荒野に虹を 02

 ゴードは眼前の権力者に滔々と語った。

 この地が有する役割、それは騎士団にとっては次代の傑物を発掘するための試練の場であり、社会からはみ出してしまった膂力のある者にとっては、野盗やごろつきなどの悪事に手を染めずに生きていける手段のうちの一つであり、商人にとってはさまざまな物資を国に買い取ってもらえる機会である。

 言ってしまえば、魔獣との戦争は眠りの国における産業の一形態である。物資と人員の消費という点においては収支は常に赤字であるのに、それが甘受されているのは偏にそれが効率的だからだ。

「効率的、と言うのは変な話ですが、言い換えれば均衡がとれているということです。国が国民から徴収した税をどのような用途で使うかというのは、為政者が決めることであり、為政者がそれを良しとするのであれば、終わりのない、実りの無い戦争を続けることも仕方のないことでしょう。世に犯罪がなくならず、それを取り締まる自警団が常に必要なように、チスイの荒野に魔獣が現れることは自明であり、そこに常に戦力を投入するのは必要なことだと誰もが思っているのです」

 国民の全てが納得していることを、どうしてひっかき回す必要があるのか、というのがゴードの想定する国民の意見であった。

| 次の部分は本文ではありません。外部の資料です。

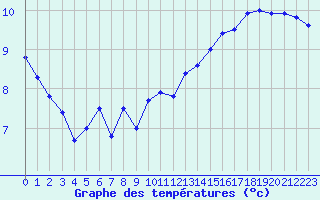 Courbe de tempratures pour la bouée 62107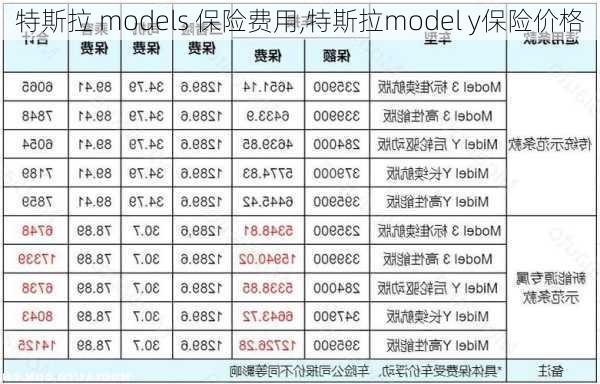 特斯拉 models 保险费用,特斯拉model y保险价格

「それは、ゴードの考えか?それとも、商人の多くがそのように考えているのか?」

「考えることができる商人なら必ず同じ結論に至ると思いますよ。必要悪、とまでは言いませんが、そう捉えられても仕方ないでしょうし、多くの商人は、チスイの荒野における商いに関して、魔獣との戦争ありきで損得を見極めています」

 どれだけの間その状態が続いていたのかを考えると空恐ろしくはあるが、ゴードの言葉から考えるに、相当長期間にわたってチスイの荒野は魔獣との戦争状態にあったことがうかがえるし、それは今後も続くと見込んでいるようだ。

「この戦争が終わるという考えは?」

「祈りの歌姫の登場がそれを可能にしたと考えられていましたが、タジ殿が無手で帰ってきたということは何らかの事情があったのでしょう。でしたらこの戦争状態はまだしばらく続くのでしょうね」

 タジが歌姫の救出に向かったことはゴードの耳にも届いていたらしい。元々タジは隠すつもりもなかったが、あの三人が歌姫救出を部外秘にする可能性はあった。

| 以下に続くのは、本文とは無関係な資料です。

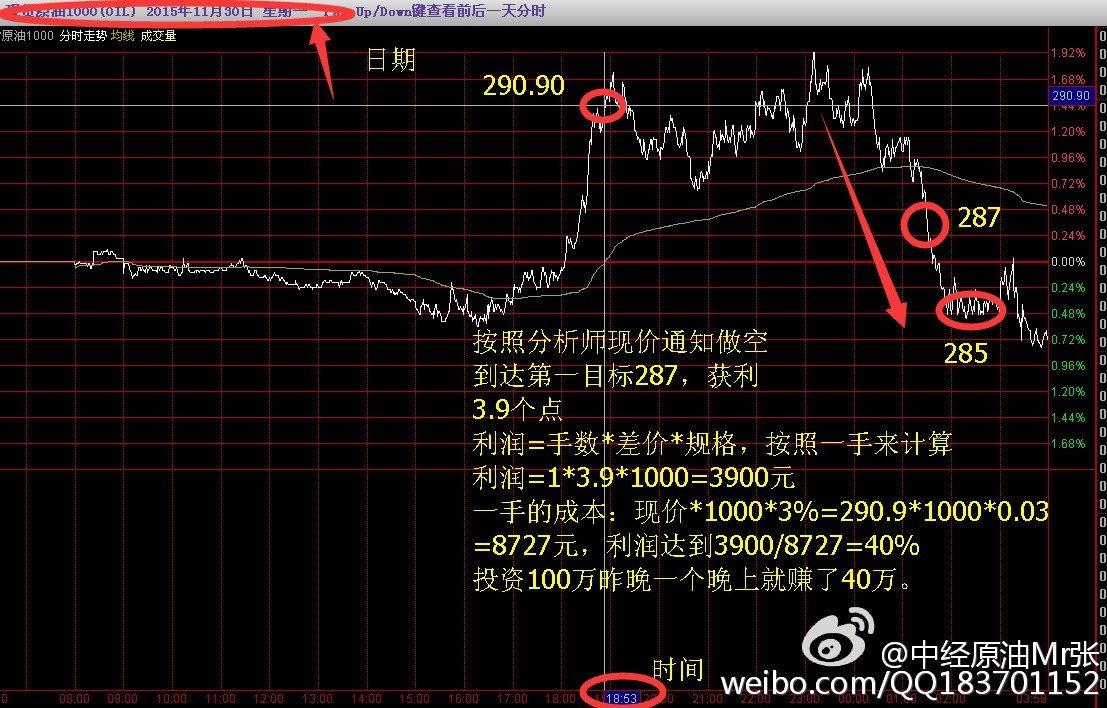 管家婆精准一肖一码100,管家婆精准一肖一码，揭秘预测技巧与准确率背后的秘密（附实例详解）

 部外秘による箝口令が何らかの形で漏れていたのであれば、それはそれで問題でもある。

「ほー、やっぱり商人ともなると世の中を見る目が違うんだな。わずかな情報や現場の状況から推測する力に長けているもんだ」

「だから言ったじゃないですか。餅は餅屋、適材適所ですよ」

 顔を見合わせて確認する二人に、ゴードは疑問の目を向ける。

「どういうことですか?」

「商人なら何が損で何が得になるかを分かっているってことだ」

 そこで、だ。とタジは椅子から立ち上がってゴードの隣に立った。肩をポンと叩いて顔を近づける。

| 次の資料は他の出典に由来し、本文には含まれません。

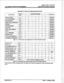 Page 460iqfinike DVX1 and DVX” 
c~STO?dER DATYWASE PROGRAMMING Digital Key Telephone Sydexns 
Appendix A-6 Station Pro@ammixq~ @Iash 50) 
PAGING ZONES (l-4) 
FRESETF’ORWARD 
B/6 
I None 
! CO LINE GROUP (O-7) 
W7 1 .. 
i LCRCLASSOF .: 
i SERVICE (O-6) w3 0 
OFF-HOOK PREFER 
! IV9 1 1 00 
BUTTON AS!3IGN 1 B/l0 1 
Refer to Button Assignment Chart 
l%ge -B” is selected by pressing Button #19 of the fitible buttons 
* This feature is ONLY avahble when the Basic ACD software package has been purchased sepa- 
rately.  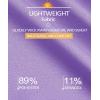 imageMAGCOMSEN Womens Polo Shirts UPF 50 Sun Protection 4 Buttons Casual Work Quick Dry Short Sleeve Collared Golf ShirtLight Purple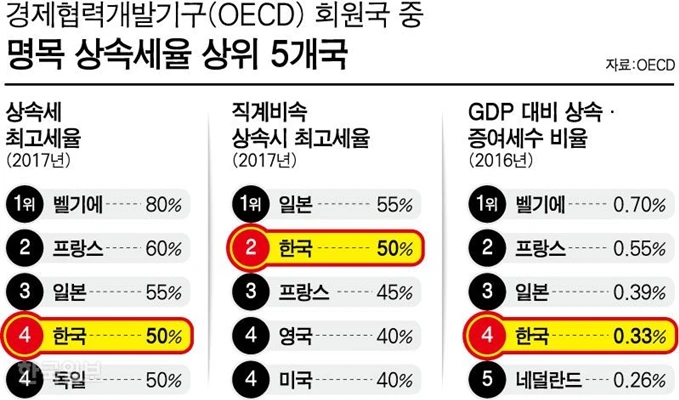 상속세 면제 한도액 개편: 상속세 계산기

「俺たちは、それを分かっていてなおかつこの戦争状態を解決したい。権力と浪費の間で無駄に血が大地に吸われるのであれば、そんな呪いをこの地に背負わせるのは不公平だ」

「……私は嫌ですよ?」

「だから、力のある商人のゴードに、この地の新しい産業を考えてもらいたいと思ってな」

「い、嫌です……」

 肩に置かれたタジの手に、わずかに力がこもるのが分かった。

 イヨトンが対面で困ったように微笑んでいる。

 逃げられない、ここは既に竜の胃袋の中なのだ。歯を見せて笑うタジの、肩にかけられた手指が、ゴードには鉤爪のように感じられた。